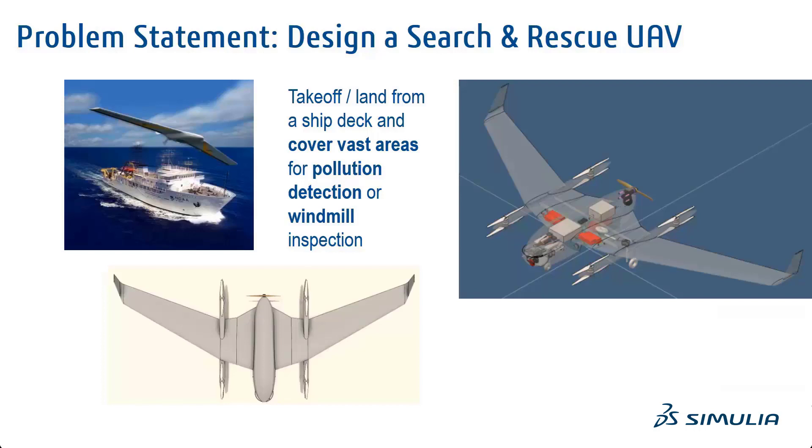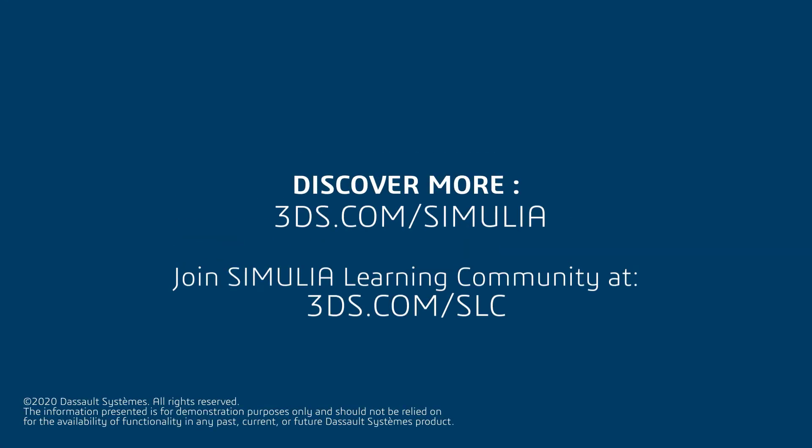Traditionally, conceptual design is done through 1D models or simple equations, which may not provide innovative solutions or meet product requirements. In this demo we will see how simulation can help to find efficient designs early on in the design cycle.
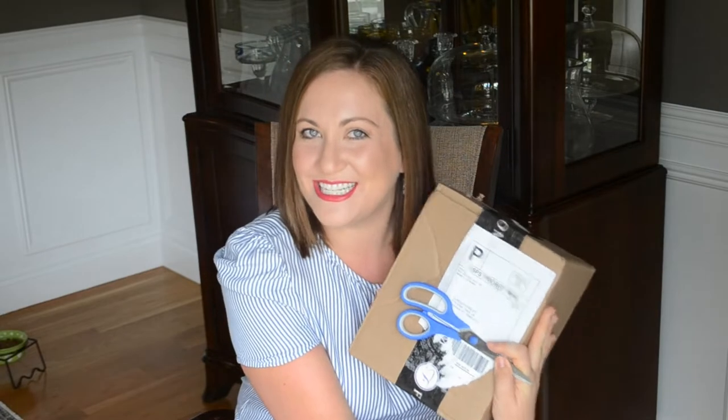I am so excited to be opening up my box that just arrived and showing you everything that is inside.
---
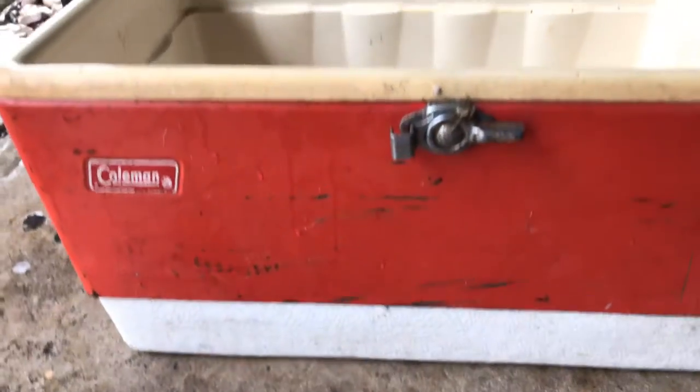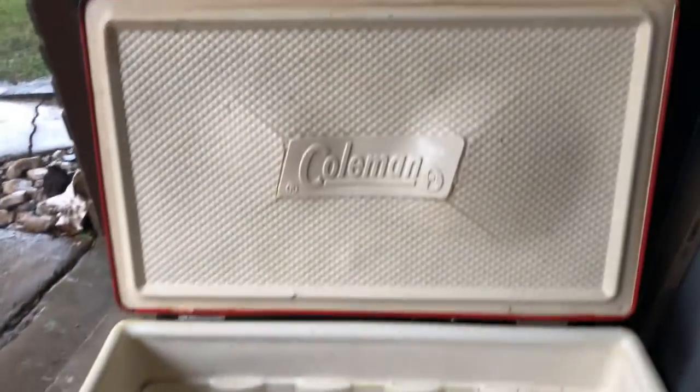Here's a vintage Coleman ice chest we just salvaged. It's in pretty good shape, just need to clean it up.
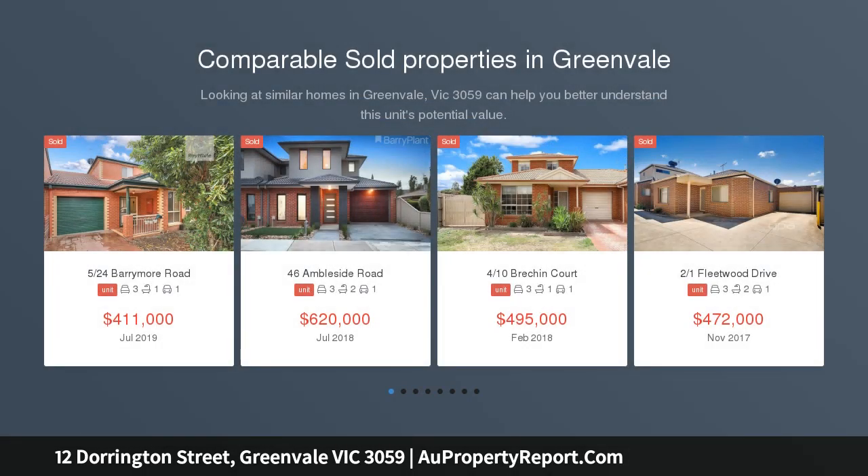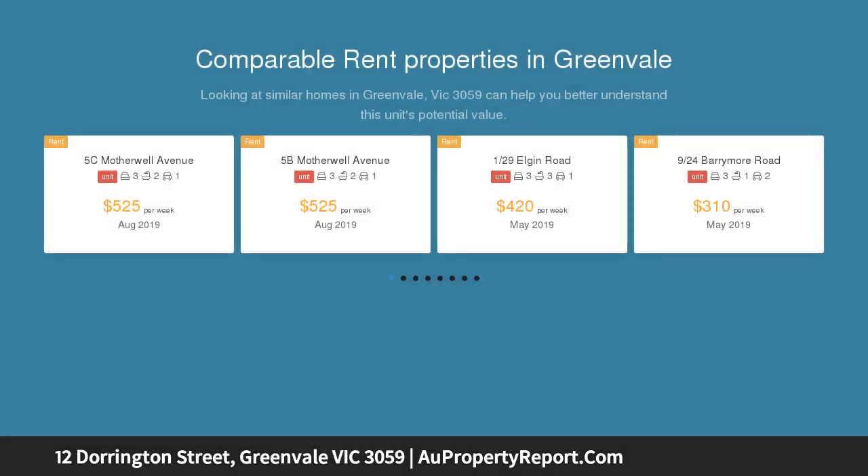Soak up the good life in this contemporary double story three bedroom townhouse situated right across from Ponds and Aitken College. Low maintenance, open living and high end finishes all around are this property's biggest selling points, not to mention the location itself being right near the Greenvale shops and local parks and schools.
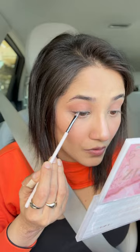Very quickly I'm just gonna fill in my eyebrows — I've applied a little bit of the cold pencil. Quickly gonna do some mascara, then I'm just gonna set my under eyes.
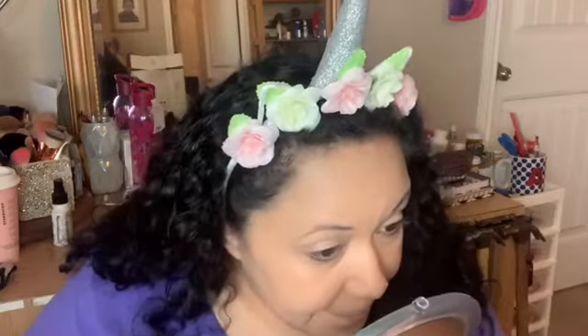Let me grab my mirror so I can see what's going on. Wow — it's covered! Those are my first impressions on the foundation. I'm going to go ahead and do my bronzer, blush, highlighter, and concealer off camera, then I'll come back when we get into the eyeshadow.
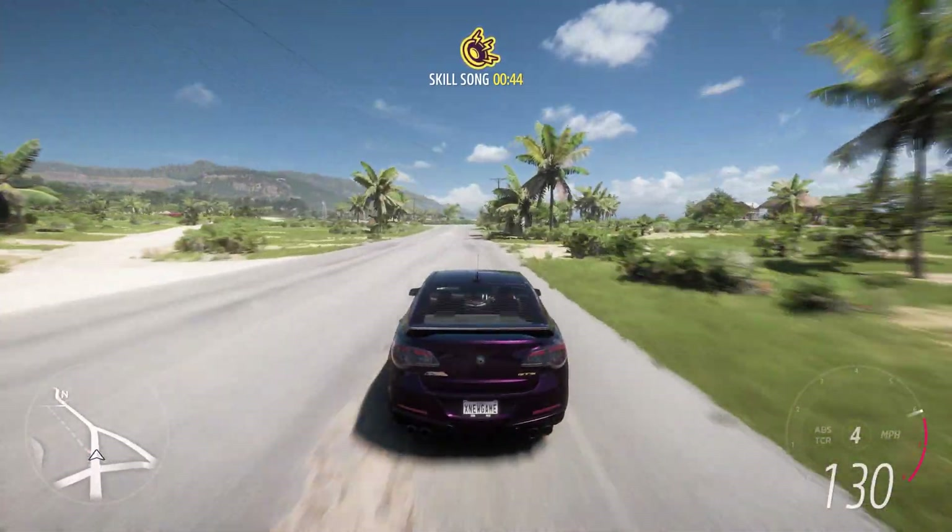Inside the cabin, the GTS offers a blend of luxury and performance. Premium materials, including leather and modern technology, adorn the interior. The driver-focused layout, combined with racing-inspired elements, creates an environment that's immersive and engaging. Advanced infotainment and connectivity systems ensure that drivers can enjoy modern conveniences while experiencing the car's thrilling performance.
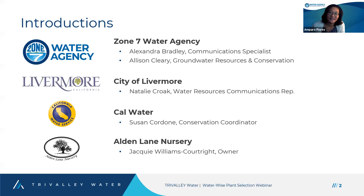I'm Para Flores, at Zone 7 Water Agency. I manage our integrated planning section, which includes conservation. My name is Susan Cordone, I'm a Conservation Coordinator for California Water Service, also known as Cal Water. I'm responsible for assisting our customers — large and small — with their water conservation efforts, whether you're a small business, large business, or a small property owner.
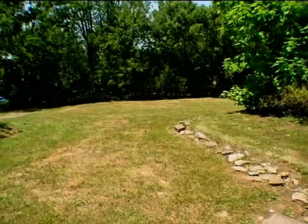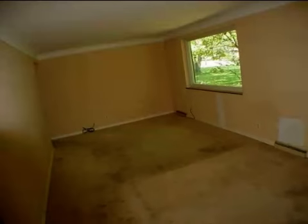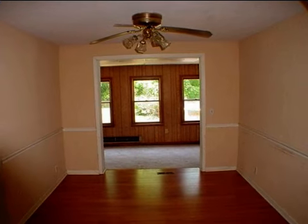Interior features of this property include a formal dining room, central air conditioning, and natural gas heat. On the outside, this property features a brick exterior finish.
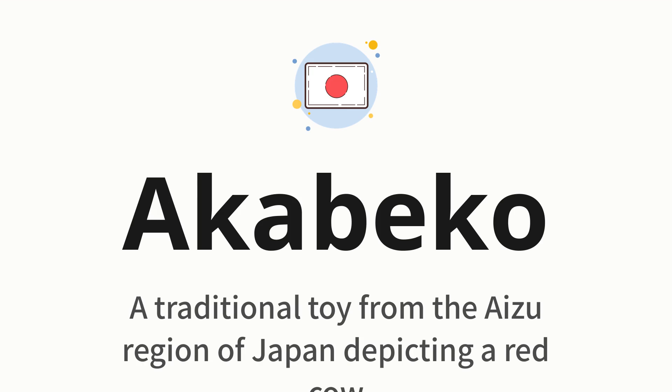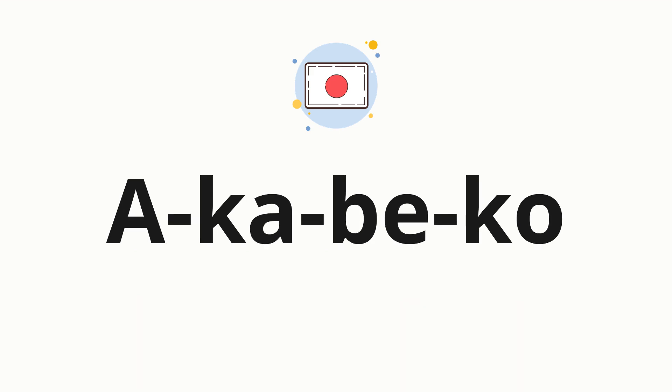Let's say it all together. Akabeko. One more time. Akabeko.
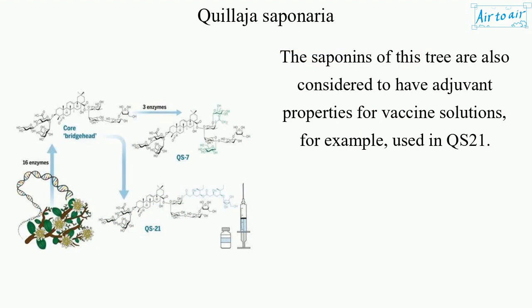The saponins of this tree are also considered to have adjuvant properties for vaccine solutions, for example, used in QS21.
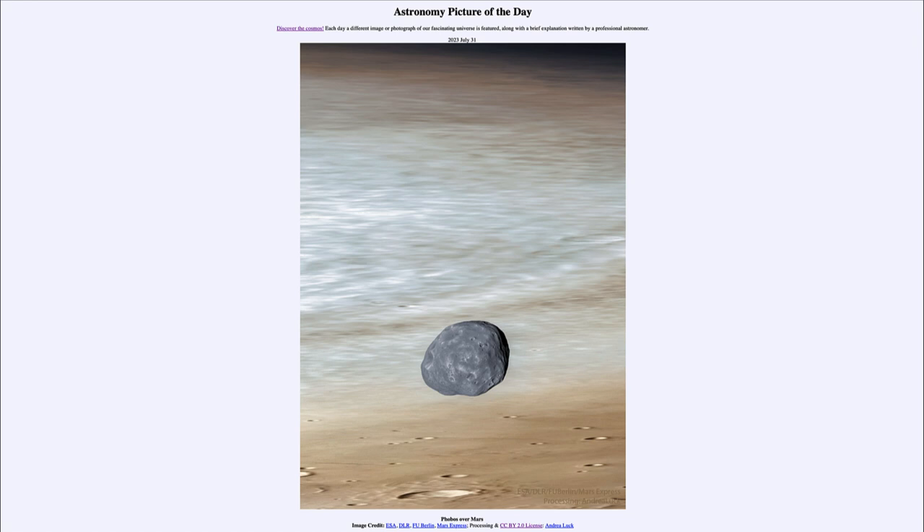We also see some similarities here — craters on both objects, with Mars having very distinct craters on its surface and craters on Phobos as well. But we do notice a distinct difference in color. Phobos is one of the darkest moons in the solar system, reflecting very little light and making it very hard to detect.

* _Assignment_
Pictures in the entries do not go into the copy. Print only the lines starting at the one containing "Let's say it" and ending at the one containing "We also see", exactly as they appear.

* _Your solution_
Let's say it all together. Akabeko. One more time. Akabeko.
The saponins of this tree are also considered to have adjuvant properties for vaccine solutions, for example, used in QS21.
We also see some similarities here — craters on both objects, with Mars having very distinct craters on its surface and craters on Phobos as well. But we do notice a distinct difference in color. Phobos is one of the darkest moons in the solar system, reflecting very little light and making it very hard to detect.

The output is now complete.